MS TIERNEY (Minister for Training and Skills) (09:49:16) — Anzac Day this year had a special focus on the centenary of the Battle of Villers-Bretonneux, which is of particular significance for Australians. In April 1918 in a battle to reclaim lost ground on the Western Front in France there were over 2400 casualties out of 3900 Australians who fought, 9500 British casualties and 10 000 German casualties in a defining Allied victory and a turning point. The Great War remains one of the world’s worst. It retains all of the appalling records for casualties. Australia’s memorial at Villers-Bretonneux is especially important. It records the names of nearly 10 000 Australians, mostly young, who died somewhere in France but who have no known grave — that is, they are missing, their bodies not recovered or unidentifiable. They were buried in a mass grave.

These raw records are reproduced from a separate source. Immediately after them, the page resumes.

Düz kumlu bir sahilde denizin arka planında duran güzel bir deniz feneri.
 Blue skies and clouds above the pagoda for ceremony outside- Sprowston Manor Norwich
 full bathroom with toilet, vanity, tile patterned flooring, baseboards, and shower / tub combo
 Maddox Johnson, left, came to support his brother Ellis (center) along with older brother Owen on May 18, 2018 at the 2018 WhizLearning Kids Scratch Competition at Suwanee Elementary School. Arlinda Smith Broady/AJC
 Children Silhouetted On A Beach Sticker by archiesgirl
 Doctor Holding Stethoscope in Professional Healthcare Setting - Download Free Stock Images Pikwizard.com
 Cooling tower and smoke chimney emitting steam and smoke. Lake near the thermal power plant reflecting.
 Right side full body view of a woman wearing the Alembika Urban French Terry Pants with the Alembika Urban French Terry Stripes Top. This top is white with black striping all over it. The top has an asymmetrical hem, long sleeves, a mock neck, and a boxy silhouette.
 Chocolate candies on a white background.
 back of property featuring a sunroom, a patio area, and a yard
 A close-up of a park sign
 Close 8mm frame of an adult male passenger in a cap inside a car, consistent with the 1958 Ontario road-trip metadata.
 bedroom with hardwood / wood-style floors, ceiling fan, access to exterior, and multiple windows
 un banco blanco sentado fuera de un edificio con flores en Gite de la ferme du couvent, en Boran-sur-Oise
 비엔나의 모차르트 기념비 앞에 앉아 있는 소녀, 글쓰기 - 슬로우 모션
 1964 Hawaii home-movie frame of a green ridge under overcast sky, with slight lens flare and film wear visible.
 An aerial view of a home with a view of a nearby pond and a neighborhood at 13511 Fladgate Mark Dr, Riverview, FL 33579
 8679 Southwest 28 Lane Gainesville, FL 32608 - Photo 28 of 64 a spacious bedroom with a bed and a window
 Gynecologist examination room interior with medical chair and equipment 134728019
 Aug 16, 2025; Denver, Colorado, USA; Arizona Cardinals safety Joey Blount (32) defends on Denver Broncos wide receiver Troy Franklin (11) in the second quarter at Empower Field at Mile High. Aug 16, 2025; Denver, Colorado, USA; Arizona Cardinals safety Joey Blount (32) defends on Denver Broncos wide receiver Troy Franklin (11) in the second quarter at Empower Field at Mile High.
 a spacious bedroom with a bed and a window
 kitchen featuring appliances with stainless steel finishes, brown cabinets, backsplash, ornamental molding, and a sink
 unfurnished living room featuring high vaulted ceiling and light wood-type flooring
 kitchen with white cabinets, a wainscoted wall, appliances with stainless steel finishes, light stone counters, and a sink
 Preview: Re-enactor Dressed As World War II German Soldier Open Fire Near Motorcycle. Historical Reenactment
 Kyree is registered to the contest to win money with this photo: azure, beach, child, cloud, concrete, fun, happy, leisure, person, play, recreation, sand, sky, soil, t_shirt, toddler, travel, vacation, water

At the two services I attended — Geelong RSL’s pre-dawn service in Geelong, and Portarlington/St Leonards RSL morning service at Portarlington — the involvement of ordinary citizens in major world events was very much the theme. Both were very quiet, sedate and respectful events. Some wore medals and hats of relatives long gone, and some were veterans themselves of much more recent conflicts. I would like to make particular mention of Lieutenant Colonel Neil Grimes at the Portarlington service and Captain Darren Stendt at the Geelong service for their moving contributions. Their speeches were informative, inspirational and a timely reminder of those that give a true meaning of service to country.
I take this opportunity to thank and congratulate all RSLs on organising all the many and varied services throughout Victoria on Anzac Day in 2018.